This week, a 39-year-old black man in Waukesha, Wisconsin, plowed a maroon Ford Escape into a Christmas parade of children and older women. Five people were killed and another 48 were injured. The motive of the suspect is unknown; if the media have their way, it will remain that way. The media apparently only care about why suspects commit violent acts when motives can be credited to their political enemies.

There is one thing we do know: the suspect should not have been on the street. He had a rap sheet longer than the first five books of the Bible. His latest alleged crime took place on Nov. 5, when he was charged with resisting an officer, bail jumping, recklessly endangering safety, disorderly conduct and battery. First, he allegedly slammed the mother of his child with his fist, and then ran her over—wait for it—in a maroon Ford Escape. He was released on Friday … on $1,000 bail. Two days later, he ran his vehicle over innocent victims.

The Milwaukee County District Attorney’s Office has now opened an investigation into the low bail. But we already know just why the bail process allowed the suspect back out onto the street: equity demanded it. In May 2015, Jeffrey Toobin wrote in The New Yorker about “The Milwaukee Experiment.” The piece was a long, sycophantic love letter to John Chisholm, the District Attorney of Milwaukee County, who had embraced criminal justice policies geared toward rectifying “the racial imbalance in American prisons.” According to one of Chisholm’s admirers, “Chisholm stuck his neck out there and started saying that prosecutors should also be judged by their success in reducing mass incarceration and achieving racial equality.”

Not reducing crime. Reducing the number of people in jail—and more particularly, the number of black Americans in jail. Chisholm himself admitted the costs of his policies in 2007: “Is there going to be an individual I divert, or I put into a treatment program, who’s going to go out and kill somebody? You bet. Guaranteed. It’s guaranteed to happen.”

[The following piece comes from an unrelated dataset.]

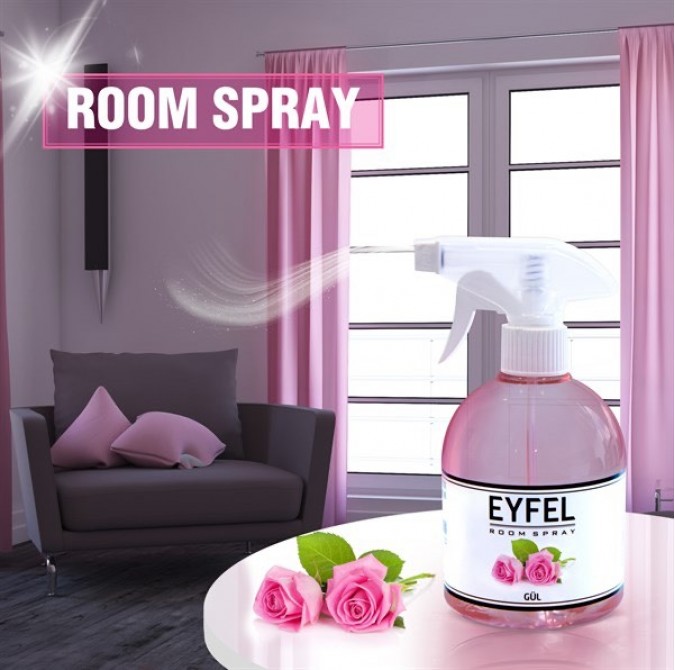 Spray Odorizant de Camera Eyfel Trandafir 500ml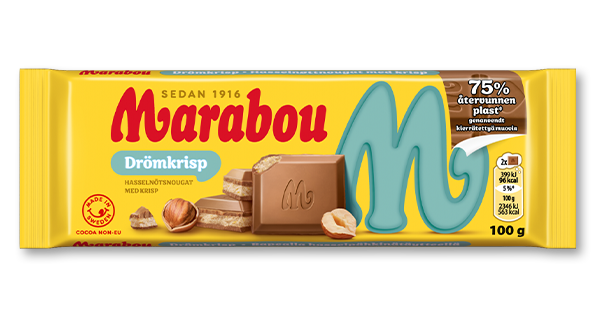 Marabouchoklad med smak av Drömkrisp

Chisholm, of course, was right.

San Francisco proved the same point this week when large, roving gangs began looting high-end stores. On Friday night, San Francisco’s Union Square witnessed a massive group of looters smashing and grabbing at a Louis Vuitton store; meanwhile, thieves congregated to steal product in Walnut Creek, Pleasanton, Hayward and San Jose. None of this ought to be a surprise. San Francisco District Attorney Chesa Boudin announced that he would end “mass incarceration” and cash bail; he stopped prosecuting shoplifting cases—in 2020, just 44% of shoplifting cases were prosecuted.

The result: stores are closing down in San Francisco thanks to the automatic surcharge of people stealing their product from the shelves.

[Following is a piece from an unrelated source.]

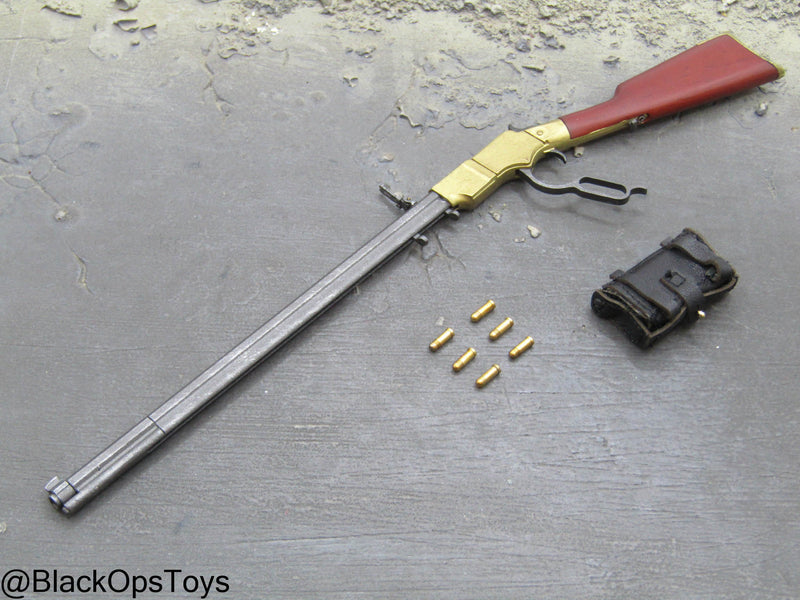 Load image into Gallery viewer, U.S. Civil War Union Army Lt. - John Dunbar - Metal M1860 Rifle w/Ammo Pouch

Reality with regard to criminality isn’t all that complicated: when you free criminals unjustifiably in a misguided attempt to achieve “group equity,” innocents suffer. When you take cops off the street, freeing criminals to work their will, innocents suffer. When you refuse to prosecute crime, criminals spot an opportunity.

Voters can either continue to deny reality and pay the price, or they can wake up to the simple fact that reality always wins. Until they do the latter, the criminals—and the politicians who enable them—will be the only winners.